La lentitud gubernamental acentúa la sensación de que el tiempo se terminará para limpiar las cloacas de nuestra sociedad. No dudamos de la buena voluntad de muchas acciones y tampoco ponemos en cuestión la dificultad de arreglar del desborde de los desagües. Pero tampoco podemos negar que falta una narrativa coherente que le indique a la población lo que se está haciendo para detener la necrosis del país. Peor aún, se acentúa la sensación de que la opinión de los sectores que realmente ayudaron al cambio no es tomada en cuenta.
Es fácil imaginar el pesimismo político de nuestra gente cuando se recuerda que nuestra vida está en manos de entes inframorales embrutecidos por la corrupción. Es por esta razón, que el arribo del nuevo gobierno despertó grandes esperanzas en un pueblo que tampoco se limitó a presenciar los intentos de evitar la asunción del nuevo gobierno, sino que participó de manera decisiva en la desarticulación de las atrevidas maniobras de los operadores del sistema de corrupción.
Pero hay que decirlo una vez más. Falta la energía política que demandan estos tiempos decisivos. En este contexto, lo que realmente es insoportable es que el gobierno permita la criminalización de la lucha por la justicia.

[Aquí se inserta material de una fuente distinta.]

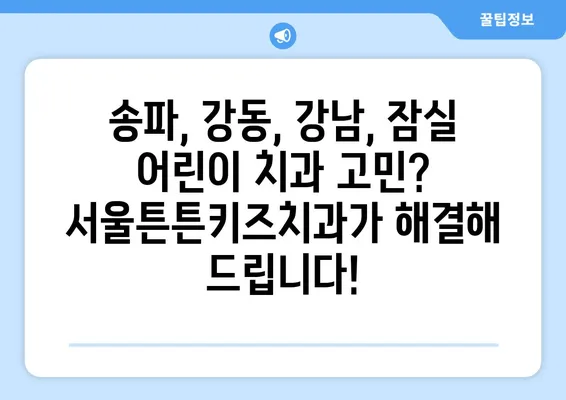 송파, 강동, 강남, 잠실 어린이 치과 찾기| 서울튼튼키즈치과 소개 | 어린이치과, 소아치과, 송파구, 강동구, 강남구, 잠실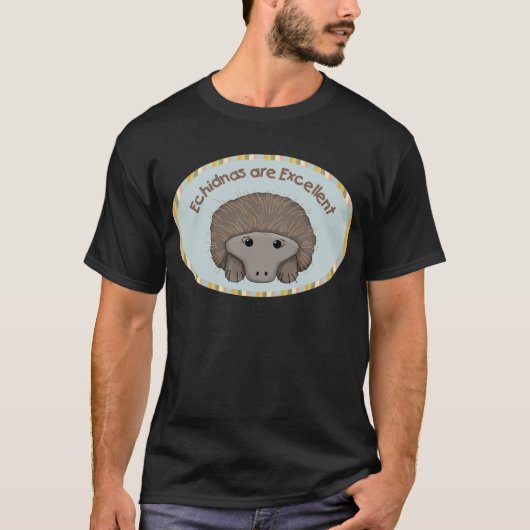 Echidnas sind ausgezeichnet T-Shirt (Vorderseite)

Un ejemplo es la forma en que el Ministerio de Gobernación se ha plegado a la persecución de los que han luchado en contra del fraude descarado que tuvo lugar en la USAC. ¿Por qué no accedieron a hablar con Ramón Cadena cuando este abogado comprometido quería dialogar con el presidente Arévalo y el ministro de gobernación? ¿Por qué se ha abandonado a los que viven el duro exilio por atreverse a luchar contra la hidra de la corrupción?
Se comprende que el gobierno quiera encarrilarse en una actitud de respeto de la legalidad, pero es lamentable que no hayan leído claro el mensaje de las bandas de la desvergüenza. Ya nadie ignora que la referida “institucionalidad” es un edificio disfuncional que solo sirve como guarida de las bandas delincuenciales que viven de la putrefacción del Estado. Aun así, se debe luchar por cumplir el anhelo de justicia. Esta no es ingenuidad: toda lucha implica un riesgo. ¿Acaso no se arriesgó el pueblo de Guatemala, especialmente los siempre marginados pueblos indígenas, durante esos meses intensos en los que se luchó por el respeto de la voluntad popular?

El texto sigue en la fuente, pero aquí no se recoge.